Activity: Without copying any picture, transcribe exactly the lines of the data below from the one containing "Trix T66339 - Bausatz ´Kohlelager´" through the one containing "Квартира в Люксембурге, Люксембург, 76".

Dataset content:

=-=-=

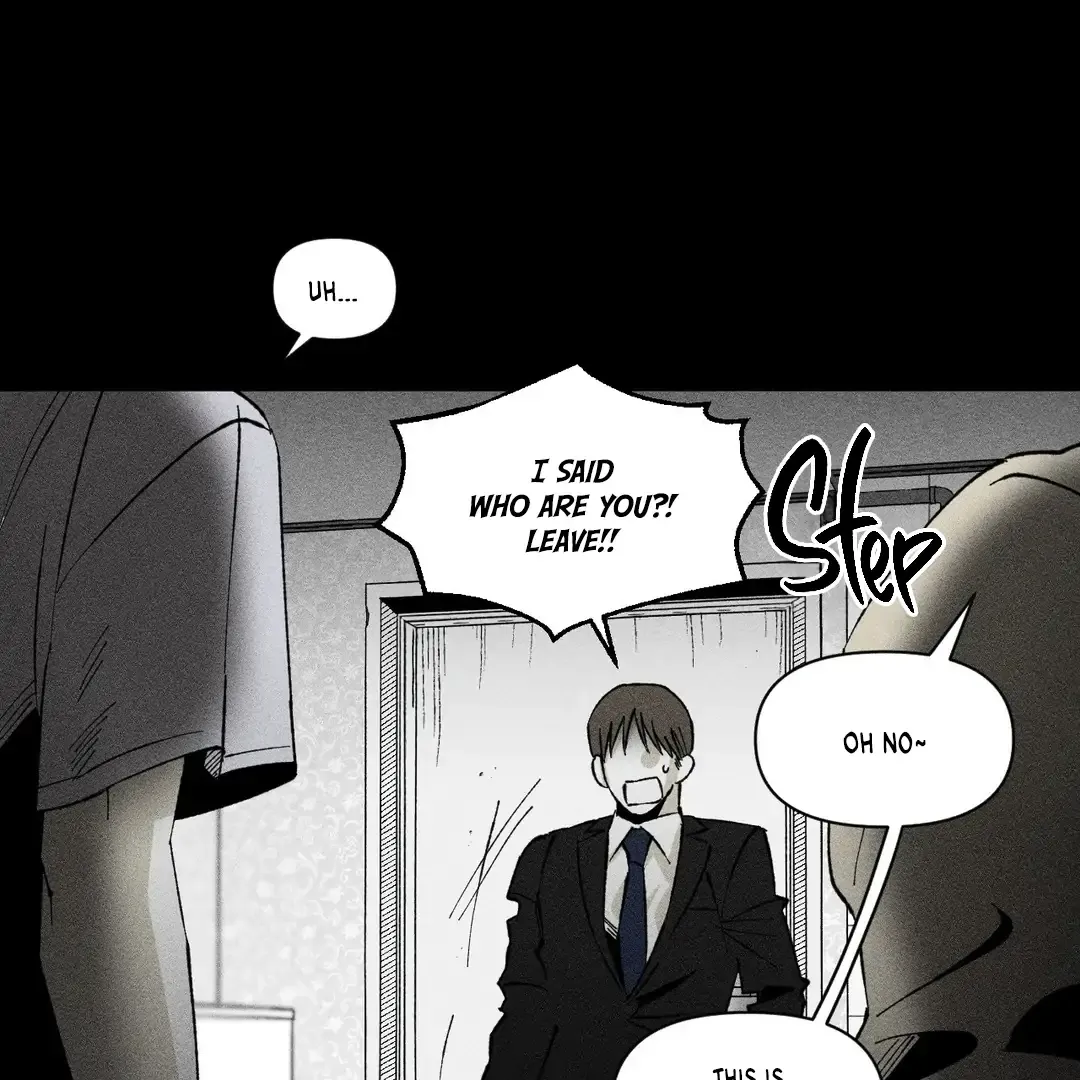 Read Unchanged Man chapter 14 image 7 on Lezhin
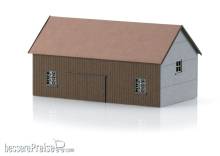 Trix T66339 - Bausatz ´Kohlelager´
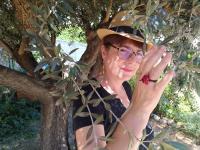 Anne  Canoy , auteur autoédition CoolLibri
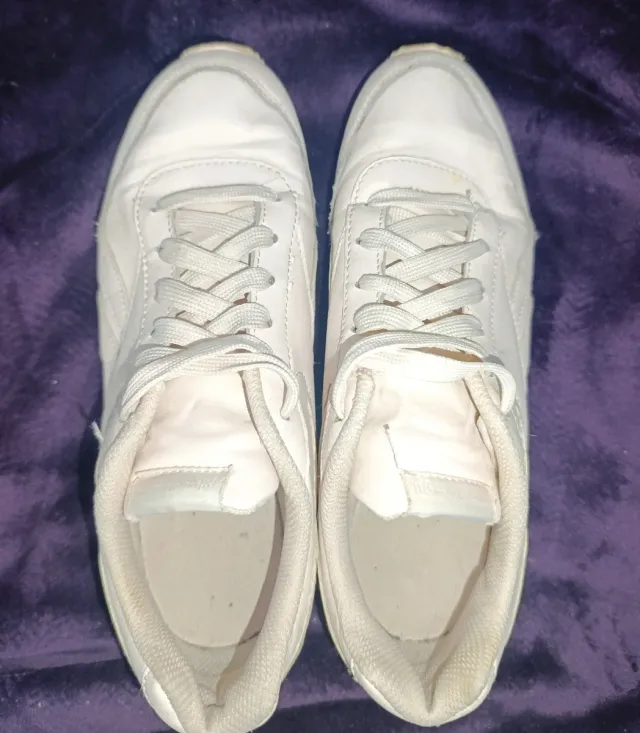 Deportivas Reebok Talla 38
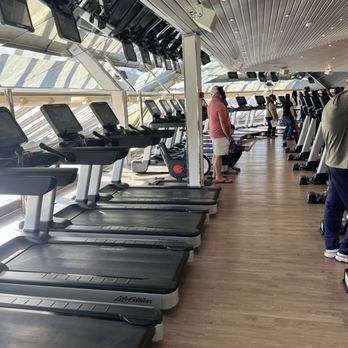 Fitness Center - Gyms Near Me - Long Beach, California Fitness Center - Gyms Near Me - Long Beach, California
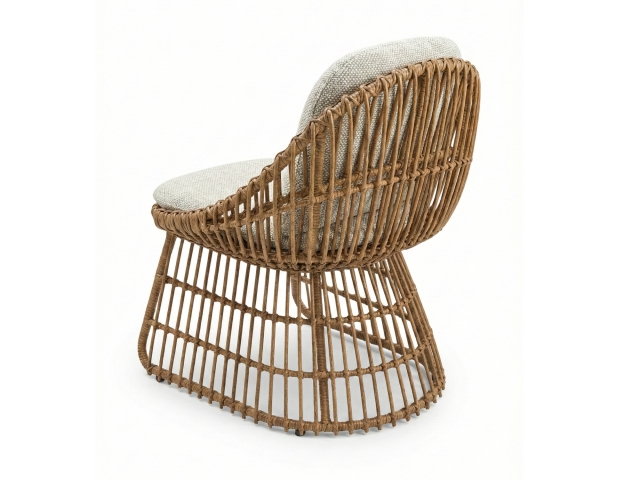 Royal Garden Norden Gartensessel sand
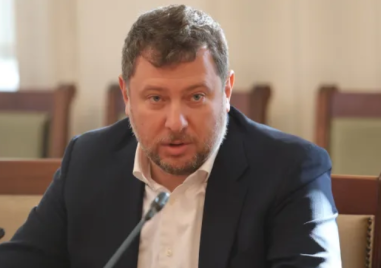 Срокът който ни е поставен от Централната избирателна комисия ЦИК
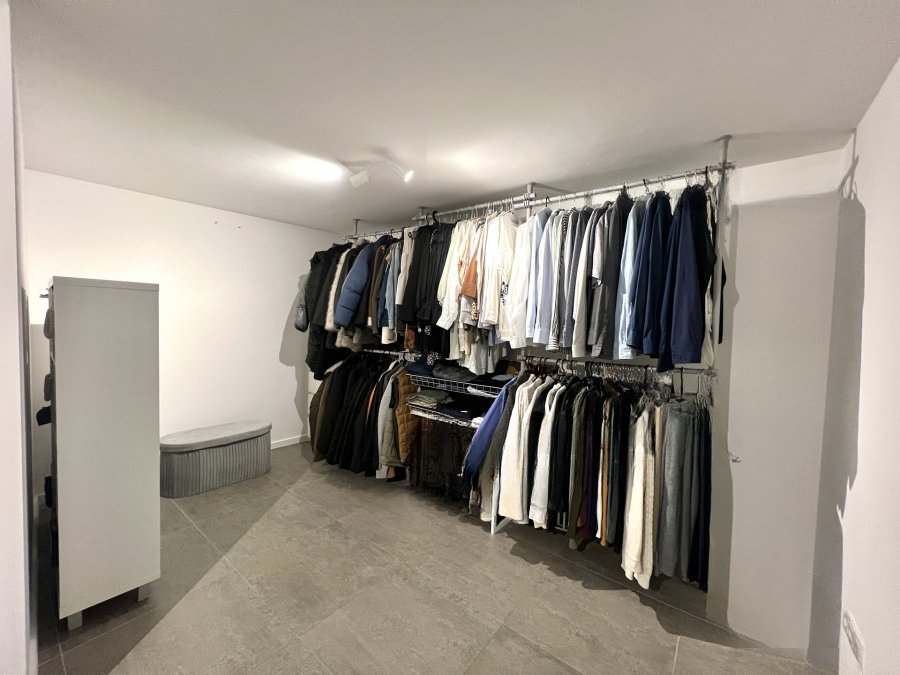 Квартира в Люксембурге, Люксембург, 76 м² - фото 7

=-=-=

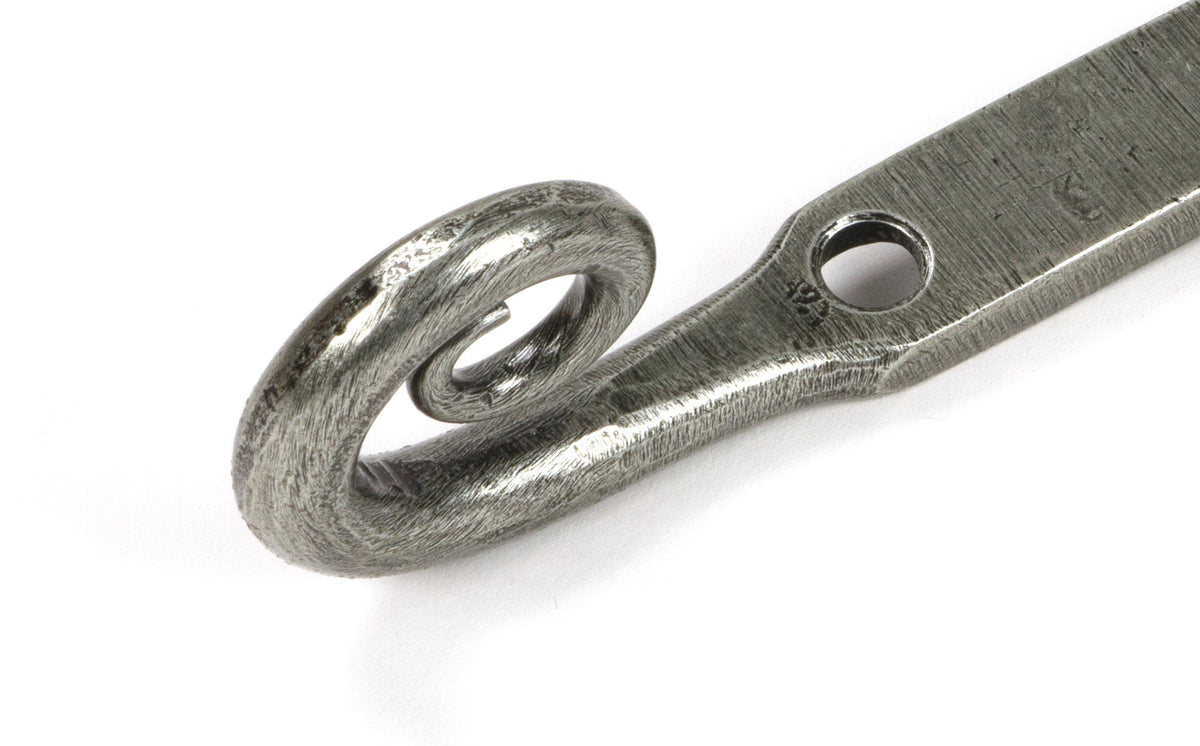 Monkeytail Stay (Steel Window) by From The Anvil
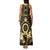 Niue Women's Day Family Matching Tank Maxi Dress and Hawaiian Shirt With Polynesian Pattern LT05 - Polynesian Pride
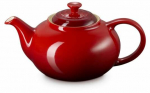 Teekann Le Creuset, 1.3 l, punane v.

=-=-=

Finished exercise:
 Trix T66339 - Bausatz ´Kohlelager´
 Anne  Canoy , auteur autoédition CoolLibri
 Deportivas Reebok Talla 38
 Fitness Center - Gyms Near Me - Long Beach, California Fitness Center - Gyms Near Me - Long Beach, California
 Royal Garden Norden Gartensessel sand
 Срокът който ни е поставен от Централната избирателна комисия ЦИК
 Квартира в Люксембурге, Люксембург, 76 м² - фото 7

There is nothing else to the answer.